ILEANA RIVERA: So, question, why–

COLIN BODELL: We knew who was going to go first. [panel laughing]

ILEANA RIVERA: You have a hint. So what really motivates you to do this? I know, I totally understand the growth population. I do believe that in the Latino community, there is an education problem that we have to address, role models and et cetera, but what really motivates you to do this? What do you think the value will be to have something like this?

ALBERTO ROCA: Well, my personal motivation is seeing all of my cousins who have not gone on to college and see the challenges that they have, not only their education, but also their workforce. I’m the oldest of 16 grandchildren, first generation from Lima, Peru, and I’m one of the few people who have gone to higher ed, especially with a doctoral degree. So we need more people and role models who are in our faculty positions throughout the nation and maybe as tech industry leaders also, to be the role models and the advocates for this growing Latino population who not only represent my family, but also the community. The future of the nation is at stake.

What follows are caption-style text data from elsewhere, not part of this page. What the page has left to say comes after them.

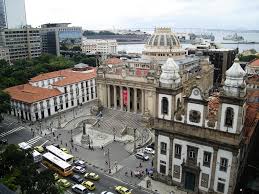 Resultado de imagem para bairros do centro do rio de janeiro cinelandia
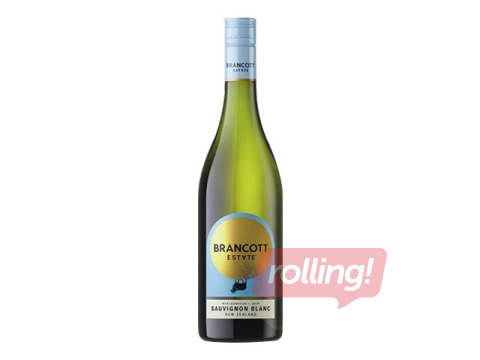 Baltvīns Brancott Estate Sauvignon Blanc, 12.5%, 0.75L
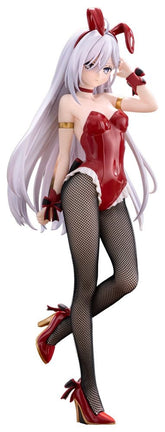 Playing Death Games to Put Food on the Table BiCute Bunnies PVC Statue Yuki 25 cm 4571623512592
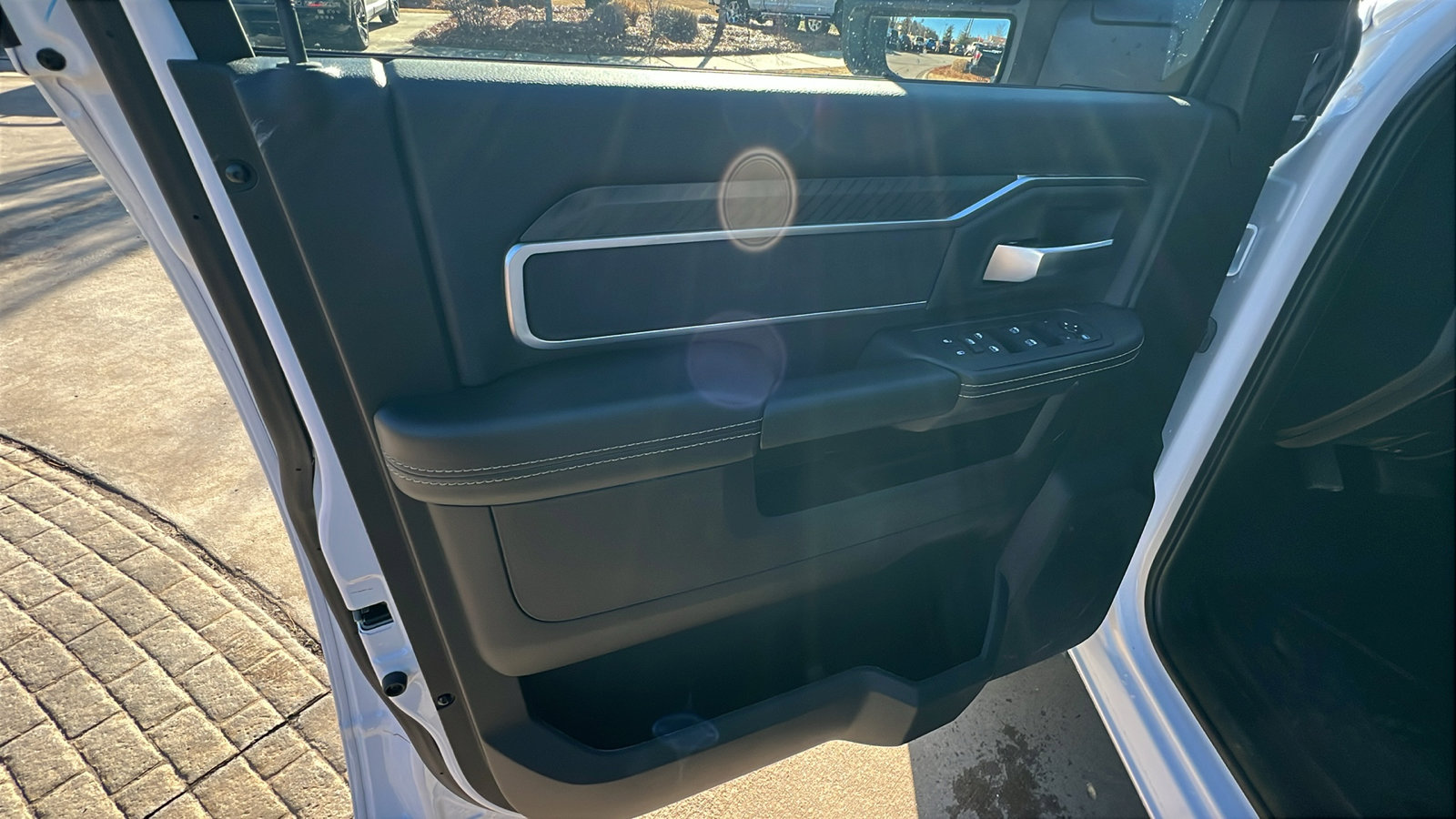 Used 2025 RAM 2500 Big Horn image 14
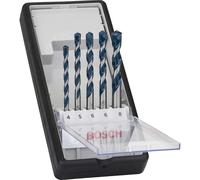 Bosch Professional 5 pcs. CYL-5 Concrete Drill Bit Set (for Concrete, Ø 4-8 mm, Robust Line, Accessories for Impact Drills)
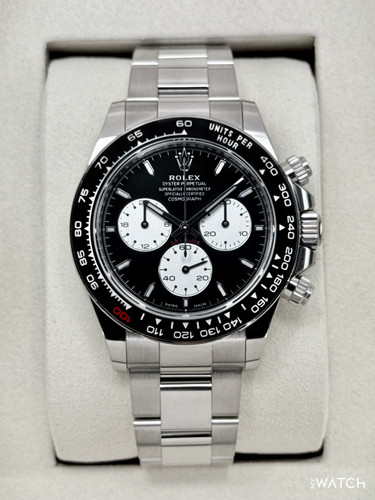 New rolex daytona mans - "le, mans"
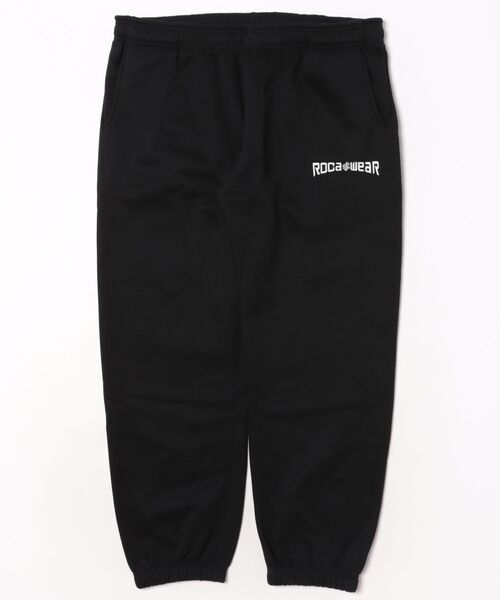 ROCAWEAR(ロカウェア)の「ROCAWEAR/ロカウェア ENBROIDERY SWEAT PANTS(CN)(スウェットパンツ・メンズ・グレー/ブラック・XX-LARGE/X-LARGE/MEDIUM/LARGE/SMALL)」の12枚目の写真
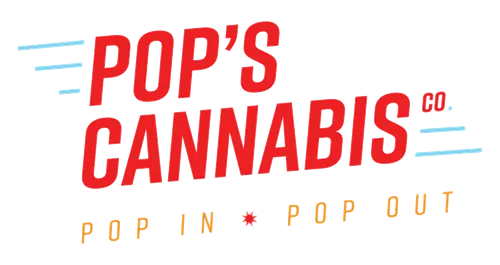 Product image of Pop's Cannabis, 5 Panel Hat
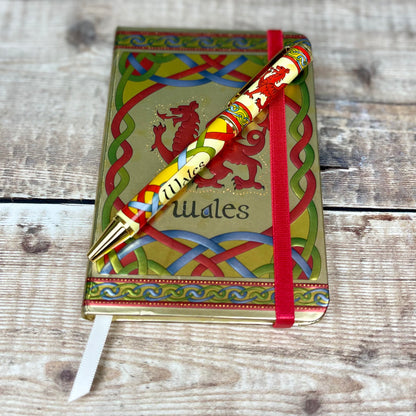 Welsh Celtic Ballpoint Pen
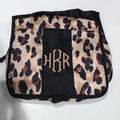 BLOOPER ACCESSORY: Monogrammed Packable Hanging Travel Case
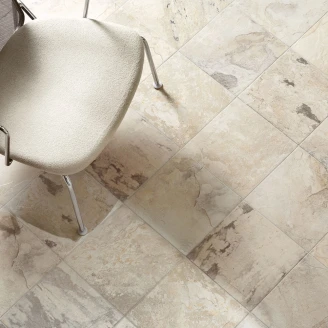 Unicomstarker Gulvflis <strong>Natural Slate</strong>  Winter Sklisikker Matt 41x61 cm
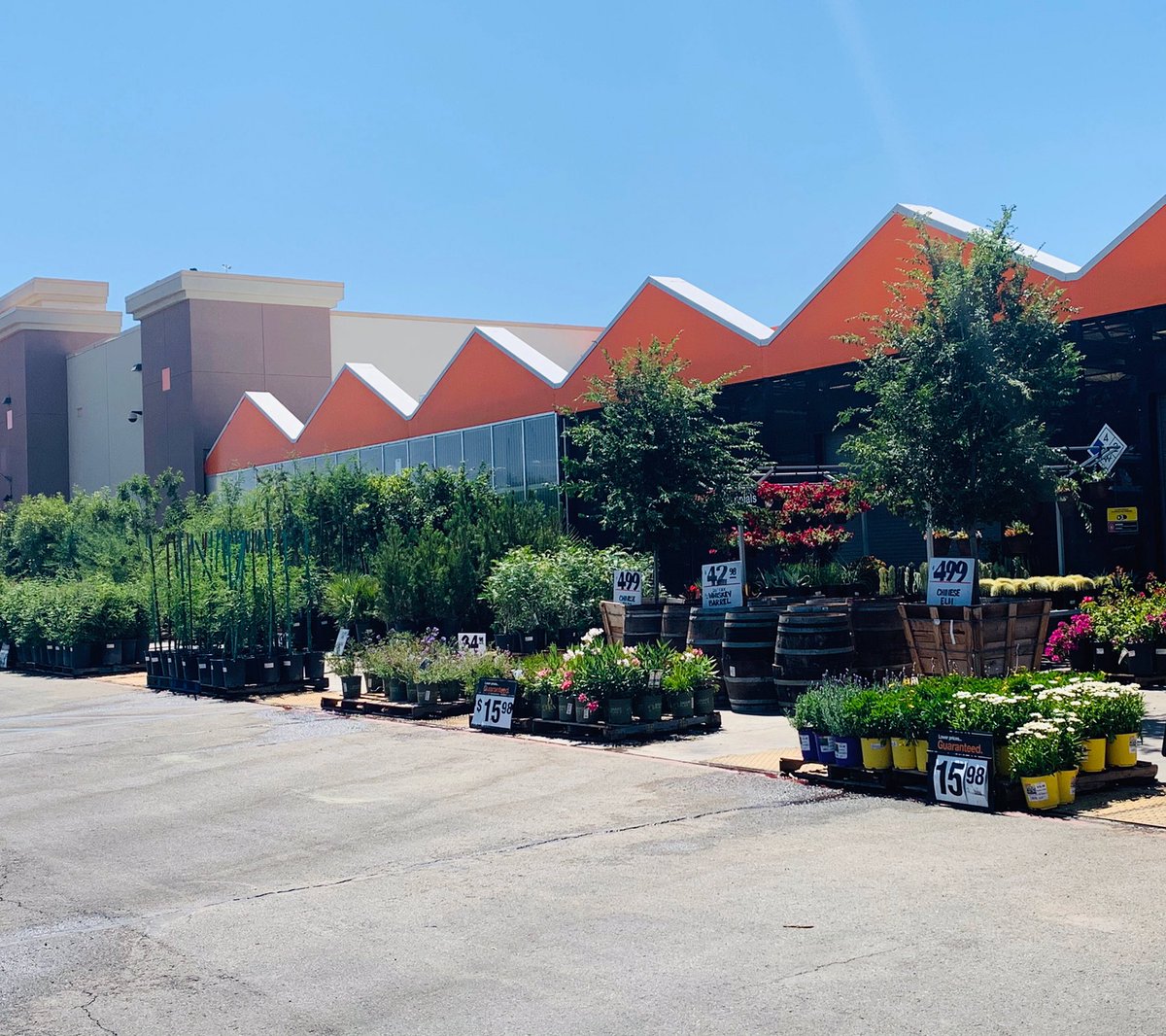 Being aggressive on live goods in Yucca Valley. “Try everything or try nothing and fail” <a href="/6971Home/">Mike Morris SM 8987</a> <a href="/Crippen1026/">Christian Crippen</a> <a href="/JabarrBean/">Jabarr Bean</a>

COLIN BODELL: Yeah, one thing, you know, I hire a lot of software engineers and I’ll travel and go wherever I can possibly get them and it’s tough to find talent now. And, of course, the challenge is when you do at an interview, you’re interviewing somebody for half an hour, an hour. What can you truly learn about them? So I have a lot of positive experiences using the content of open source projects to assess somebody, not only the quality of their code, that’s important, but also how they interact with the community in regards to bugs, requests for enhancements, just general discussions. You can look at people and discern how they are as well-rounded individuals. So I think it’s incredibly valuable to do it, so I applaud what you’re intending to do. Then the practical aspect is, how do you get that broad a diverse community engaged in those projects? And are they, do you see them more getting involved and having diverse groups or would you see teams of individuals stepping up that come from a particular gender background or an ethnic background? How would you see that? What would you expect, or what forward you like to see in that regard?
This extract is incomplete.